The requirements to make a will that is valid under Texas law are that the will must be:
- In writing
- Signed by: a) The testator in person; or b) Another person on behalf of the testator i) in the testator’s presence; and ii) under the testator’s direction; and
- Attested by two or more credible witnesses who are at least 14 years of age and who subscribe their names to the will in their own handwriting in the testator’s presence.
The requirements for a valid Texas Will are found in Texas Estates Code 251.051.
A Texas Will Must Be In Writing
A will under Texas law is required to be in writing. This requirement is usually very easily met, as most wills are computer-generated.
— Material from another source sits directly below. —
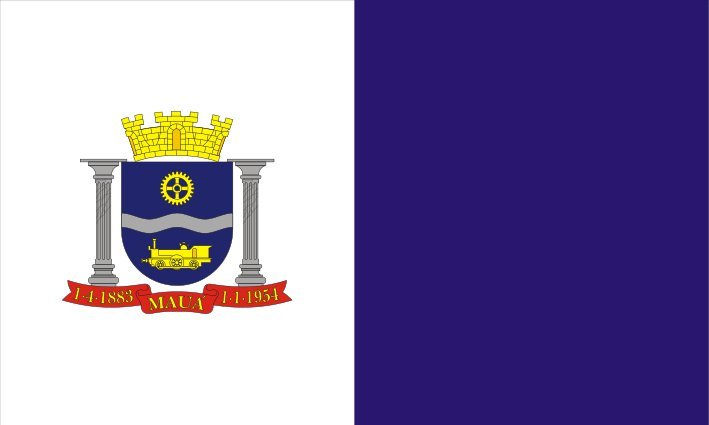 Perfil Municipal de Mauá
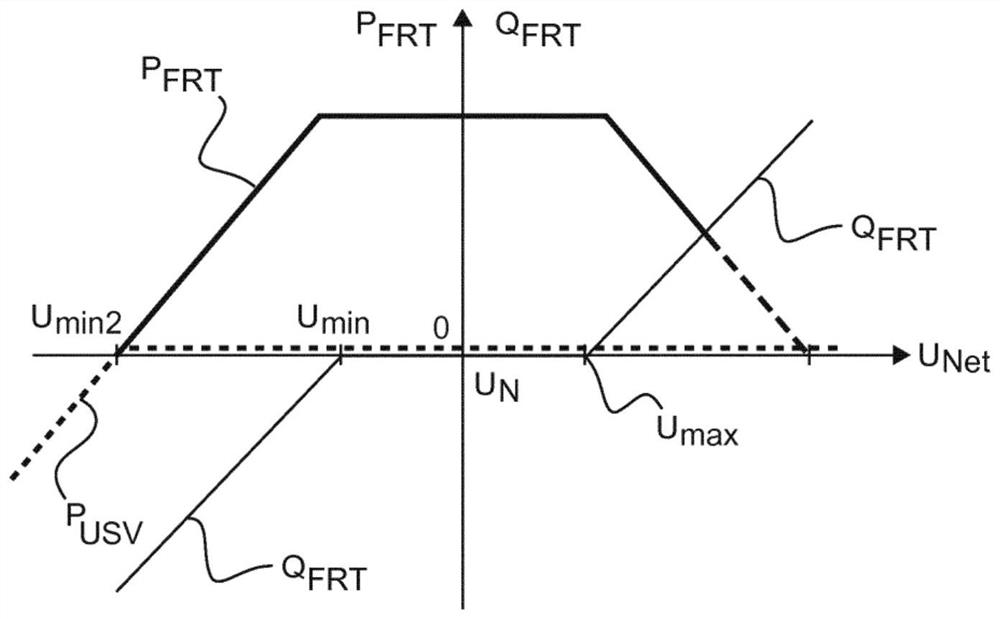 Method for controlling electrical consumers of an electrical supply grid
A will can also be written entirely in the testator’s handwriting. Handwritten wills are called holographic wills. Holographic wills are valid in Texas and are not required to be attested by subscribing witnesses. This rule can be found in Texas Estates Code Sec. 251.052.
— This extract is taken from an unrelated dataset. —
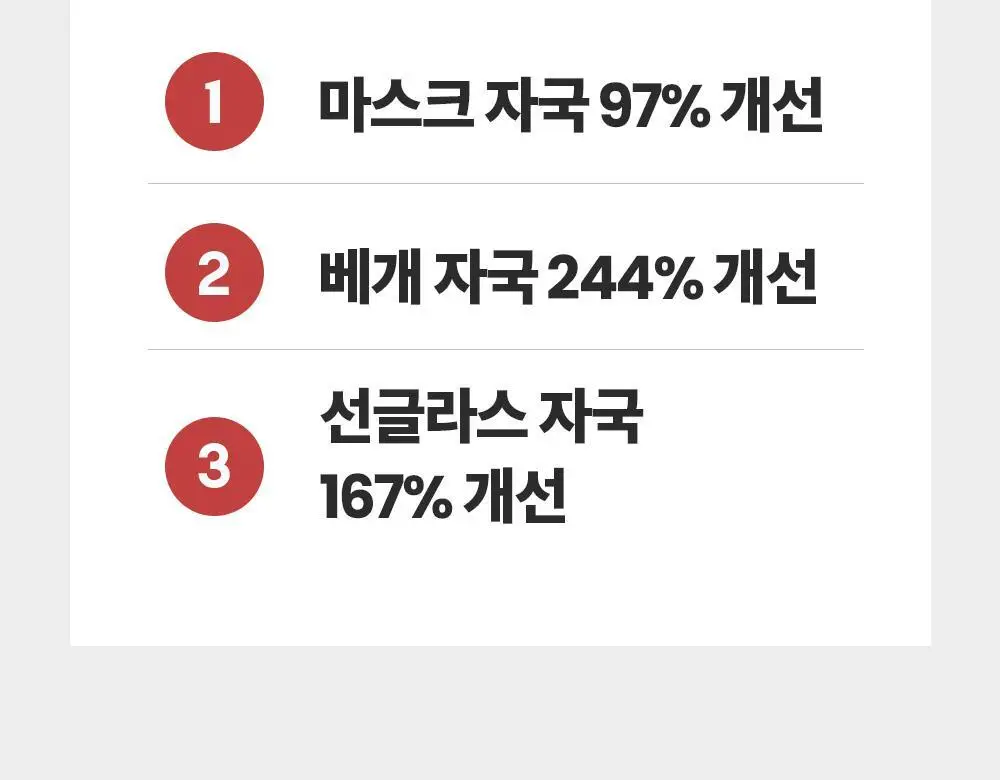 [판매량 1억개 돌파] AHC 텐 레볼루션 리얼 아이크림 포 페이스 35ml 상세페이지 18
A Texas Will Must Be Signed
Texas law also requires that a will must be signed.
The will can be signed by the testator, or by another person on behalf of the testator. If another person signs on behalf of the testator, the person must sign in the testator’s presence and under the testator’s direction.
Witness Requirement For A Valid Texas Will
In order to be a valid Texas will, the will (unless it is a holographic will) must be witnessed by:
- 2 or more credible witnesses,
- who are at least 14 years old,
- who sign their names to the will in their own handwriting and in the testator’s presence.
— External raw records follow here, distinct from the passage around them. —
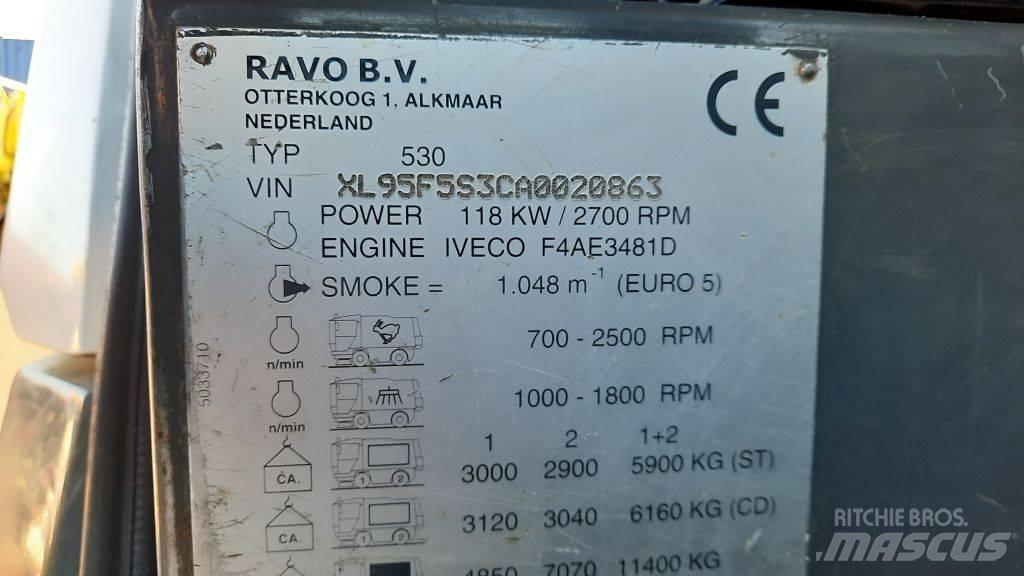 Ravo 530ST 掃倉機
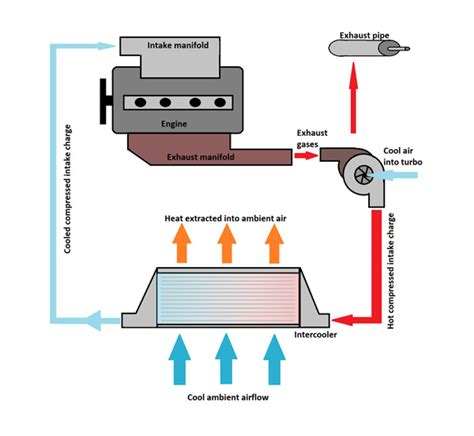 Engine Intercooler Problem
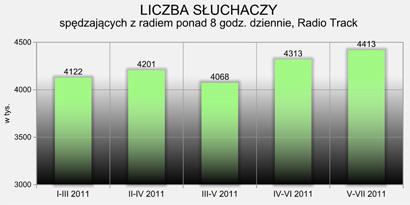Liczba słuchaczy spędzających z radiem ponad 8 godzin dziennie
The credibility of the witnesses is an issue for determination by the probate judge if the validity of the will is challenged. For example, if someone wants to contest the validity of the will based upon the failure to comply with the witness requirements, the witnesses would have to testify about the circumstances of the will execution so that the court could determine if the presence requirements were met. See In The Estate of Bedell to see one Texas case where the credibility of the witnesses was an issue.
A beneficiary of the will should also not serve as one of the required witnesses under Texas law, as we have written about here.
Who Can Make A Will In Texas?
To make a valid will in Texas you must be of sound mind and, at the time the will is made the person making the will:
- Is 18 years of age or older;
- Is or has been married; or
- Is a member of the armed forces of the United States, an auxiliary of the armed forces of the United States, or the United States Maritime Service.
What Is A Self-Proved Will?
A self-proved will is defined in Texas Estates Code sec. 251.101 and is a will:
- to which a self-proving affidavit subscribed and sworn to by the testator and witnesses is attached or annexed; or
- that is simultaneously executed, attested, and made self-proved as provided by Section 251.1045 (Simultaneous Execution, Attestation, and Self-proving).
A self-proving affidavit has specific requirements to be valid under Texas law. It must be:
- made by the testator and by the attesting witnesses before an officer authorized to administer oaths;
- the officer must affix the officer’s seal to the self-proving affidavit; and,
- the self-proving affidavit shall be attached or annexed to the will.
Section 251.104 of the Texas Estates Code sets forth the requirements for a self-proving affidavit and also provides a form that can be used.
As an alternative to the self-proving of a will using affidavits, a will can be simultaneously executed, attested, and made-self-proved by signing before an officer authorized to administer oaths and including self-proving language in the will. Form language can be found in Texas Estates Code 251.045.
A self-proved will may be admitted to probate without the testimony of any subscribing witnesses. Texas Estates Code sec. 251.102.
A Texas probate attorney can make sure that your testamentary wishes are honored by complying with all of the requirements necessary to make a valid will.